* Given data
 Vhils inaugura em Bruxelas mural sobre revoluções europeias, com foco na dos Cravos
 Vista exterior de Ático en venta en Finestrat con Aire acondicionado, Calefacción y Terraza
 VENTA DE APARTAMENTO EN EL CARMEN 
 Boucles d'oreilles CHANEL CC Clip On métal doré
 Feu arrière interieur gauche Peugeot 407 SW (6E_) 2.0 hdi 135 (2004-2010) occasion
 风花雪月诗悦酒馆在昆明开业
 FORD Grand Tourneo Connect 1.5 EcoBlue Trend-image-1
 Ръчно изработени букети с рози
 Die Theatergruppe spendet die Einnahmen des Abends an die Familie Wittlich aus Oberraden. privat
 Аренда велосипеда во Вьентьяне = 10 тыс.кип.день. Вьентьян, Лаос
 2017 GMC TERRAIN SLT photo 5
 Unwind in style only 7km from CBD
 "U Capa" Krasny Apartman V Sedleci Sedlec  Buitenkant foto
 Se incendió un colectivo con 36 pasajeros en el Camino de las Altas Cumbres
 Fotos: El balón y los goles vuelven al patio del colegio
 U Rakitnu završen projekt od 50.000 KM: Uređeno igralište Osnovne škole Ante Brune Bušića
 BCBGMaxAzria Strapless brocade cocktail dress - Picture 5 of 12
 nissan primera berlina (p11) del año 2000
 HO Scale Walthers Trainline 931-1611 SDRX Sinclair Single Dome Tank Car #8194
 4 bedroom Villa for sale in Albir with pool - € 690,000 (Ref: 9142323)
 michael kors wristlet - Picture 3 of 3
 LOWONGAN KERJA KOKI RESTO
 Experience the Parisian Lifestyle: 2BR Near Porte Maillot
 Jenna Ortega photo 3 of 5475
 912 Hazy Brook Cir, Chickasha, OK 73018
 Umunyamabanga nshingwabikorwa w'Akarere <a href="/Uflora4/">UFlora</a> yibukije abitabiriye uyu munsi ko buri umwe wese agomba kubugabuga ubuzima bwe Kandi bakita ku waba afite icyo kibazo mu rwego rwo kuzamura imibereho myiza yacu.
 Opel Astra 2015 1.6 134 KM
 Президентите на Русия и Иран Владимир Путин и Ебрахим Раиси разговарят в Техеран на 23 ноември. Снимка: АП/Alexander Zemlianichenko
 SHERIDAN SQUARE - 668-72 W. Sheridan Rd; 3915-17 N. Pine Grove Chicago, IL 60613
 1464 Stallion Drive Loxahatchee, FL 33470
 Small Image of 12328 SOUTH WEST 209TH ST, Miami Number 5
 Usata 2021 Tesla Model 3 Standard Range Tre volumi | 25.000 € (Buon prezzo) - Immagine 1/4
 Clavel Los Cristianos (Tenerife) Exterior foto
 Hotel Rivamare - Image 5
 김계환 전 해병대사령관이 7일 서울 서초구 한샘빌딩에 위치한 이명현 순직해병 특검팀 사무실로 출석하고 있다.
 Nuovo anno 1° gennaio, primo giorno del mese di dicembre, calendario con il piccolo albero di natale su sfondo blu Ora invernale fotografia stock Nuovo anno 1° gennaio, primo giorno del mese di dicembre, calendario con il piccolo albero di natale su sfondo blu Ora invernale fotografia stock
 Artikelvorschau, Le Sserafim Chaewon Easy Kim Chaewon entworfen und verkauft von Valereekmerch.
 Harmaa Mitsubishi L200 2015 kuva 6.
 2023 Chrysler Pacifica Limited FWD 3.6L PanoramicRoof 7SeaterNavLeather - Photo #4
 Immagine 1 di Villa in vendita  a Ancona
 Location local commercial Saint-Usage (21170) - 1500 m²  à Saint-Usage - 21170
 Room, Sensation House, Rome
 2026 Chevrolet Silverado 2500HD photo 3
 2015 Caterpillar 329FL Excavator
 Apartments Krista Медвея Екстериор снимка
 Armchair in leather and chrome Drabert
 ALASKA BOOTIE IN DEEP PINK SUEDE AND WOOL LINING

* What is expected
If a line in the entries above contains the word "Immagine", copy it.

* Response box
 Usata 2021 Tesla Model 3 Standard Range Tre volumi | 25.000 € (Buon prezzo) - Immagine 1/4
 Immagine 1 di Villa in vendita  a Ancona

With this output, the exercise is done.